[Brief descriptive captions]
● ● ● ●
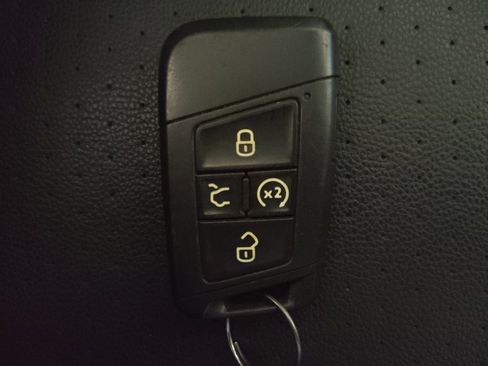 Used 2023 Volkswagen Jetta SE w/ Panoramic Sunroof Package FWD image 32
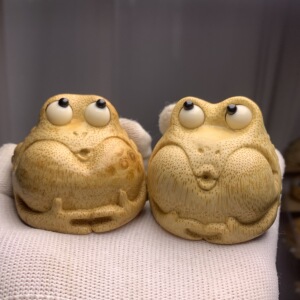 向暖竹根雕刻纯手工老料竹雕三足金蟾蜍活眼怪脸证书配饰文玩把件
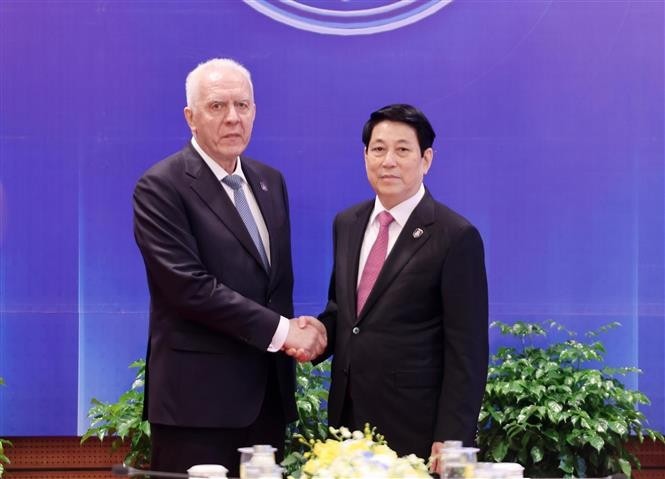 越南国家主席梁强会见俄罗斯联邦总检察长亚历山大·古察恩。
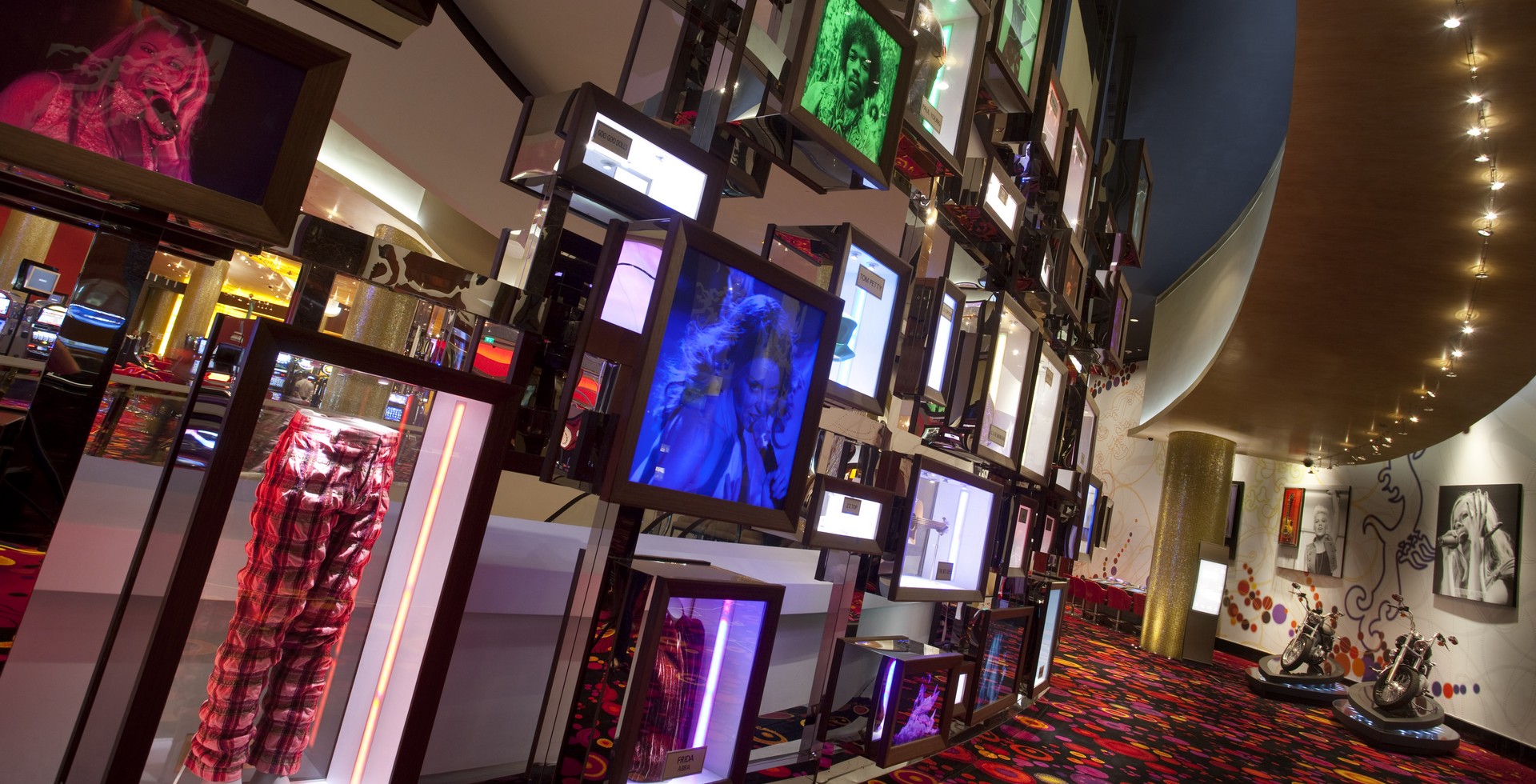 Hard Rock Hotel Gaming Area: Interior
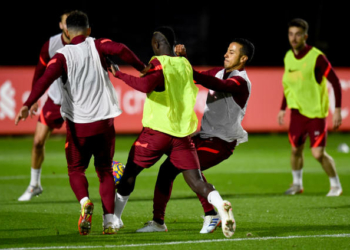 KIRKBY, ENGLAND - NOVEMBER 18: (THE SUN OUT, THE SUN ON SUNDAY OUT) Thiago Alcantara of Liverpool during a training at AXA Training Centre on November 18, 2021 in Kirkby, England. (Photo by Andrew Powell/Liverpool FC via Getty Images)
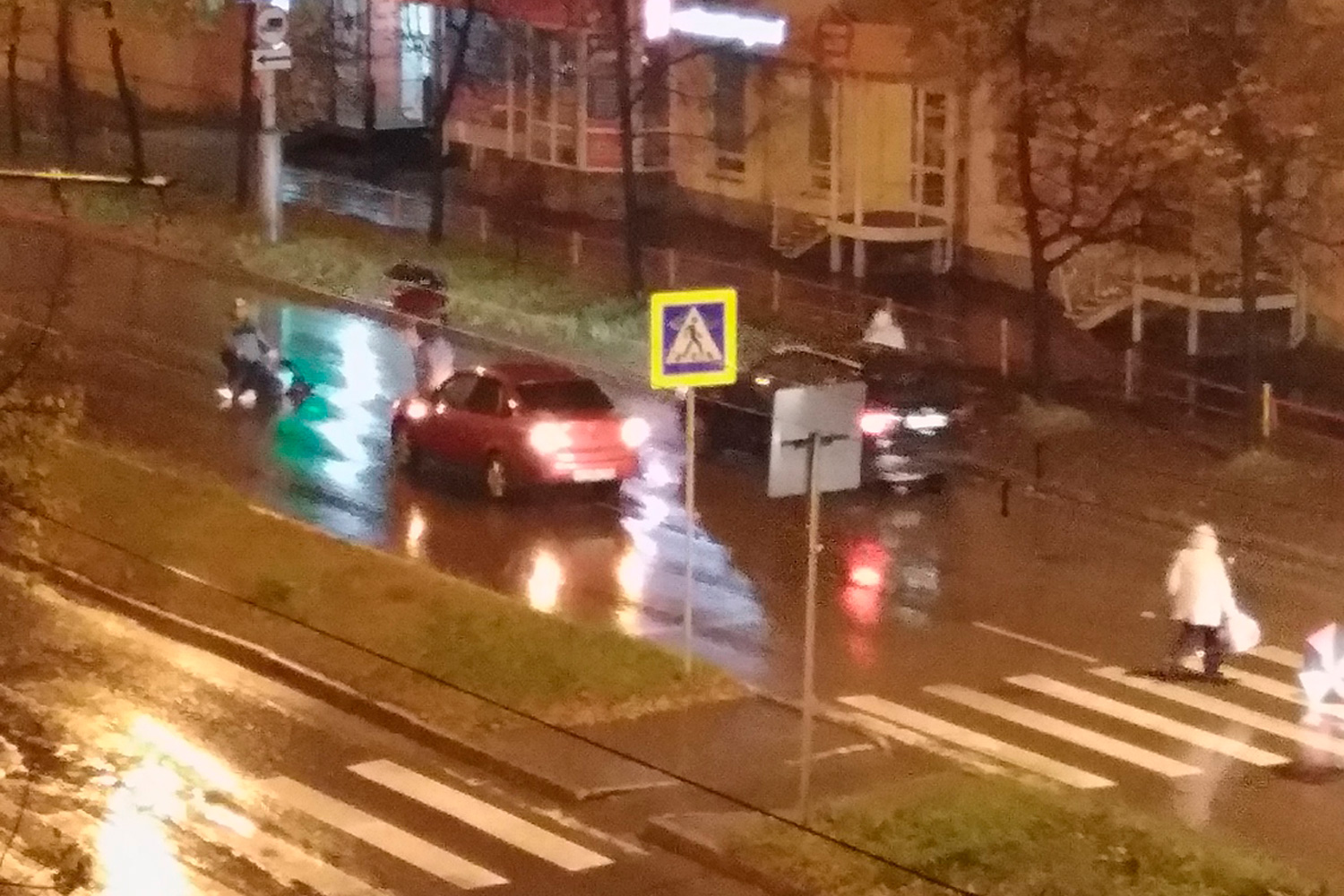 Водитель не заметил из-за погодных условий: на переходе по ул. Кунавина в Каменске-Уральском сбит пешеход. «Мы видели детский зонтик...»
● ● ● ●
All lines above between the line that contains "KIRKBY, ENGLAND - NOVEMBER" and the last line of the entries, both included, must be transcribed exactly. No pictures are to appear.

→ Expected answer
 KIRKBY, ENGLAND - NOVEMBER 18: (THE SUN OUT, THE SUN ON SUNDAY OUT) Thiago Alcantara of Liverpool during a training at AXA Training Centre on November 18, 2021 in Kirkby, England. (Photo by Andrew Powell/Liverpool FC via Getty Images)
 Водитель не заметил из-за погодных условий: на переходе по ул. Кунавина в Каменске-Уральском сбит пешеход. «Мы видели детский зонтик...»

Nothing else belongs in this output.